Remove leaves/stems from 2 nodes. Stick into 50/50 sand/peat. Remove all but a small leaf at the tip. Keep moist out of direct sun.

2-4 weeks is the time for rooting.

http://www.winepress.us/forums/inde...opagation/page__hl__blackberry__fromsearch__1 is the link to the topic.

Sorry for the reference to another forum, but Wade is the blackberry guru!


----------



## Jerry1 (Jun 13, 2012)

*Prima or flora cane*

Bob, thanks for the link, most informative. Only problem it still didn't answer whether to use primacane or if you can use floracane after it has done it's due. I've never left the canes on after gathering the fruit so I don't know what the cane does in the third year. 1st year...primecane 2nd year floracane 3rd year...?????. Do they just fall off? Are they good for taking cuttings? I would think nurseries would use primacane for cuttings as they aren't interested in gathering fruit In your case you used prima cane tips. I don't have any primacanes as yet. Everything is just sterting to come up good. Just trying to find out what to do so I can get ready for it.


----------



## Deezil (Jun 13, 2012)

Blackberries are pretty "weedy" by nature.. Theres a few ways you could propagate them...

If you can get the growing-tips of your current canes, to touch the ground - they'll root right there.. Then when they have good roots, cut them from the main plant (leaving the starts about 1ft tall) & start the main plant back up straight then take your new start and plant it where you need it.
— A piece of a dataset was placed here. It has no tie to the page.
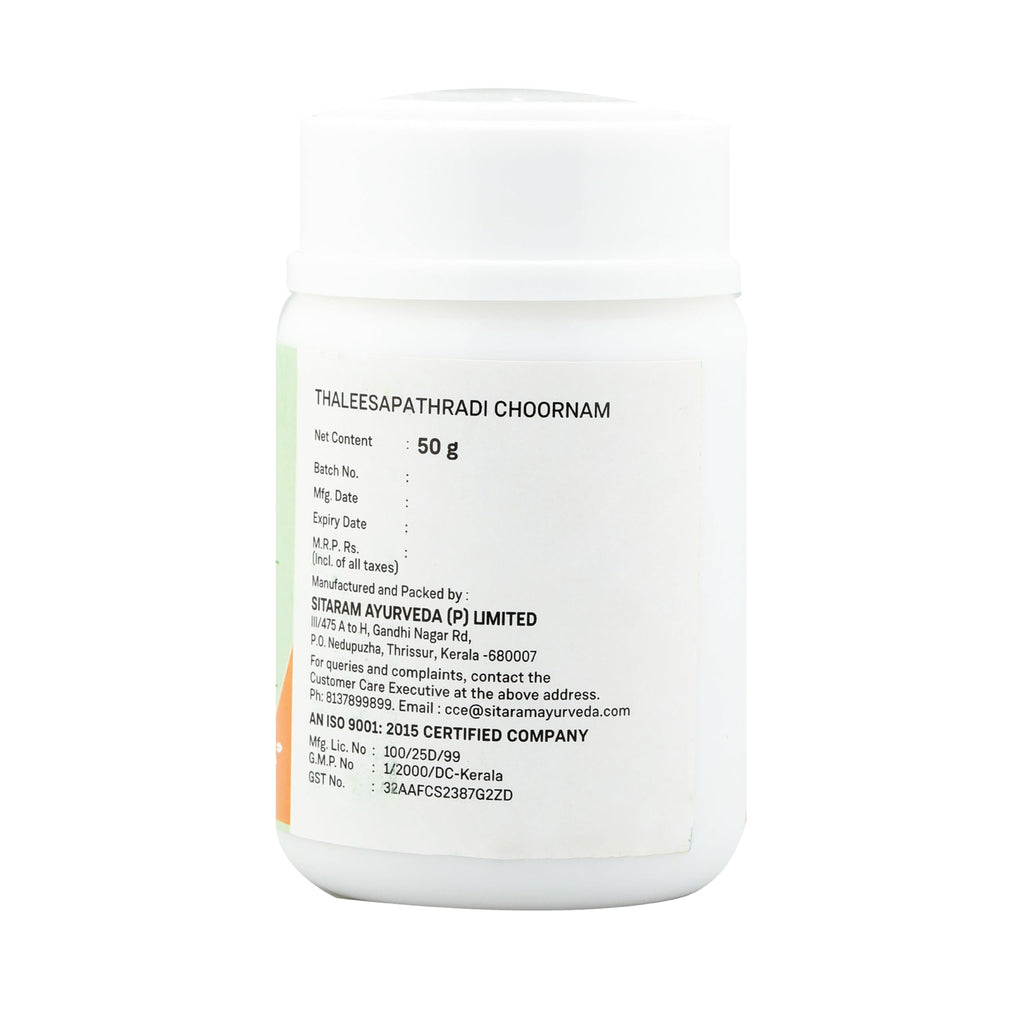 Sitaram Ayurveda Talisapatradi Churnam - 50 g - image 2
If that doesnt fancy your style.. Get some Rootone - depending on your variety, because some are more "weedy" than others, you might not need it but its always a safe bet... From what i've seen, you want 4-6" long cutting with 3-4 nodes on them... Cut the cane right below the lowest node - make sure you're holding the cutting the right way - and dip the lower two nodes into rooting hormone and bury them beneath soil. Since the cuttings dont have roots, you have to keep their environment about 75-80% humidity because they'll be drawing water through their leaves to stay alive until they establish roots... Some sort of clear hard plastic covering will keep the moisture in but still let light in.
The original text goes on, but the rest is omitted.